*** Opening of Source material ***

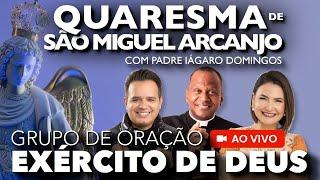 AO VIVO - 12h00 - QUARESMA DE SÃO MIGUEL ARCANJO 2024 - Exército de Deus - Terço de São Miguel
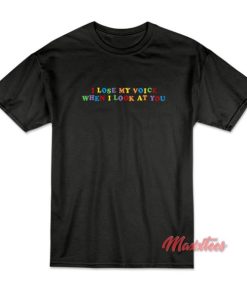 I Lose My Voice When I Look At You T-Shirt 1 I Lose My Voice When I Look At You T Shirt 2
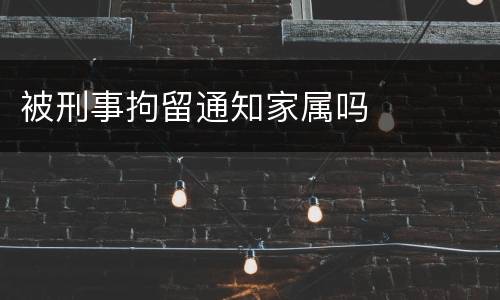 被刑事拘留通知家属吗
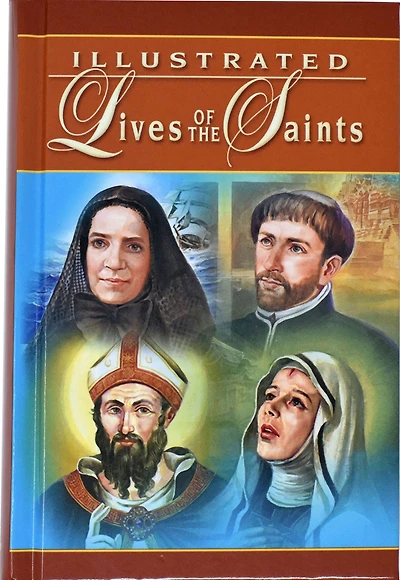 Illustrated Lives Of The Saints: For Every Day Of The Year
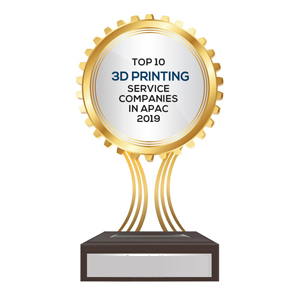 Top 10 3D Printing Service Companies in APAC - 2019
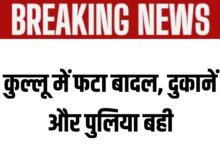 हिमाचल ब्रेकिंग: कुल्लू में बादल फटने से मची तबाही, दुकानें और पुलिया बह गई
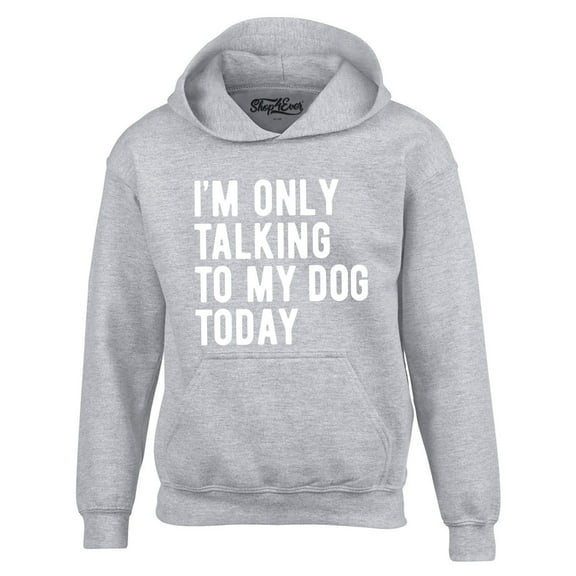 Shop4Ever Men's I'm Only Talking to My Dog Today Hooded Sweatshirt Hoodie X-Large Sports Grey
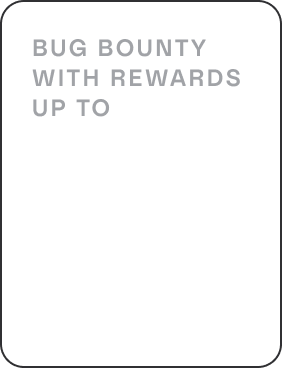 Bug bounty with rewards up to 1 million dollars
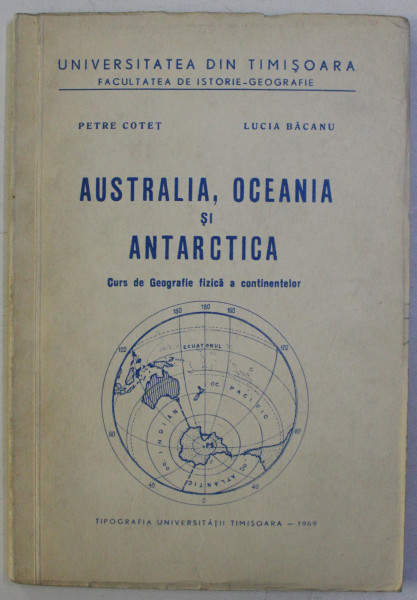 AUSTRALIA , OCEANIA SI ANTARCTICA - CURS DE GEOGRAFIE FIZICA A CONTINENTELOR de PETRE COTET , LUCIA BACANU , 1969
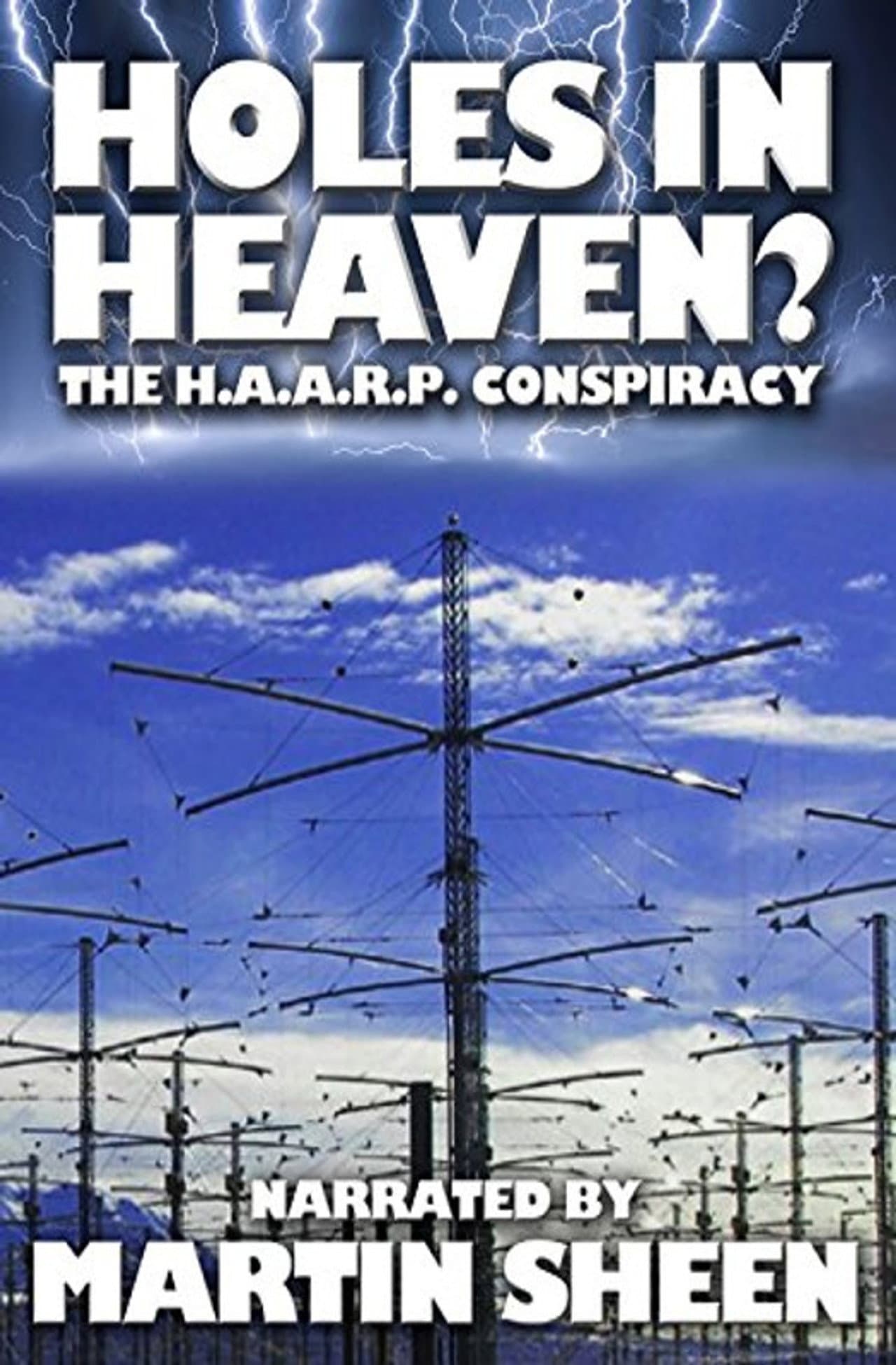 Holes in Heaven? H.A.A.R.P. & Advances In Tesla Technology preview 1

*** Close of Source material ***

**Exercise:**
Print the line above containing "Shop4Ever Men's I'm", the line containing "Bug bounty with", and everything between them, exactly as written. Pictures stay out.

**Expected answer:**
 Shop4Ever Men's I'm Only Talking to My Dog Today Hooded Sweatshirt Hoodie X-Large Sports Grey
 Bug bounty with rewards up to 1 million dollars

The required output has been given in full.